(Records drawn from a dataset)
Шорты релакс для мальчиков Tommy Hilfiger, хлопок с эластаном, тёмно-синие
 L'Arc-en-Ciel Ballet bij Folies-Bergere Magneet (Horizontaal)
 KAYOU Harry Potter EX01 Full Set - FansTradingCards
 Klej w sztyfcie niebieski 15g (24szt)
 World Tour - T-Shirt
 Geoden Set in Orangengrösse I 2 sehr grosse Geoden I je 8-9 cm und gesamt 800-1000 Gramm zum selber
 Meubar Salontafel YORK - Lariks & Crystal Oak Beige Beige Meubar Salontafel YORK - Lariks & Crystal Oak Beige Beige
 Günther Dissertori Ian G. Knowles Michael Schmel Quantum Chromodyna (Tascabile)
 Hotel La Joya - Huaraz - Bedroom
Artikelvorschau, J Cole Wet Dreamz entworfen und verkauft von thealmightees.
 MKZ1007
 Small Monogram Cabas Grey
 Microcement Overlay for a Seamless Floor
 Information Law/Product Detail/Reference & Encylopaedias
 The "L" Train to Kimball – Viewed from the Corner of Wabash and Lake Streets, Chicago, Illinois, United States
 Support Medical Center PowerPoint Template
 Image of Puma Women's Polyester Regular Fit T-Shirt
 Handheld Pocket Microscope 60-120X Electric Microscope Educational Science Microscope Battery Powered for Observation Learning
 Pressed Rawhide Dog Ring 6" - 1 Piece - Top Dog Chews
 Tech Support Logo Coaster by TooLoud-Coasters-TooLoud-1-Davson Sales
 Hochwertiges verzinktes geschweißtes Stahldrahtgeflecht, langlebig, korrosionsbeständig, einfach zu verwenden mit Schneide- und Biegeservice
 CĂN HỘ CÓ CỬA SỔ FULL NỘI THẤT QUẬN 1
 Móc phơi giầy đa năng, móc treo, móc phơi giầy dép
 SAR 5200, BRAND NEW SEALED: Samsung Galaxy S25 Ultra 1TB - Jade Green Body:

● WHAT YOU NEED TO DO:
Copy the records above exactly as they appear.

● REPLY TO THE TASK:
Шорты релакс для мальчиков Tommy Hilfiger, хлопок с эластаном, тёмно-синие
 L'Arc-en-Ciel Ballet bij Folies-Bergere Magneet (Horizontaal)
 KAYOU Harry Potter EX01 Full Set - FansTradingCards
 Klej w sztyfcie niebieski 15g (24szt)
 World Tour - T-Shirt
 Geoden Set in Orangengrösse I 2 sehr grosse Geoden I je 8-9 cm und gesamt 800-1000 Gramm zum selber
 Meubar Salontafel YORK - Lariks & Crystal Oak Beige Beige Meubar Salontafel YORK - Lariks & Crystal Oak Beige Beige
 Günther Dissertori Ian G. Knowles Michael Schmel Quantum Chromodyna (Tascabile)
 Hotel La Joya - Huaraz - Bedroom
Artikelvorschau, J Cole Wet Dreamz entworfen und verkauft von thealmightees.
 MKZ1007
 Small Monogram Cabas Grey
 Microcement Overlay for a Seamless Floor
 Information Law/Product Detail/Reference & Encylopaedias
 The "L" Train to Kimball – Viewed from the Corner of Wabash and Lake Streets, Chicago, Illinois, United States
 Support Medical Center PowerPoint Template
 Image of Puma Women's Polyester Regular Fit T-Shirt
 Handheld Pocket Microscope 60-120X Electric Microscope Educational Science Microscope Battery Powered for Observation Learning
 Pressed Rawhide Dog Ring 6" - 1 Piece - Top Dog Chews
 Tech Support Logo Coaster by TooLoud-Coasters-TooLoud-1-Davson Sales
 Hochwertiges verzinktes geschweißtes Stahldrahtgeflecht, langlebig, korrosionsbeständig, einfach zu verwenden mit Schneide- und Biegeservice
 CĂN HỘ CÓ CỬA SỔ FULL NỘI THẤT QUẬN 1
 Móc phơi giầy đa năng, móc treo, móc phơi giầy dép
 SAR 5200, BRAND NEW SEALED: Samsung Galaxy S25 Ultra 1TB - Jade Green Body:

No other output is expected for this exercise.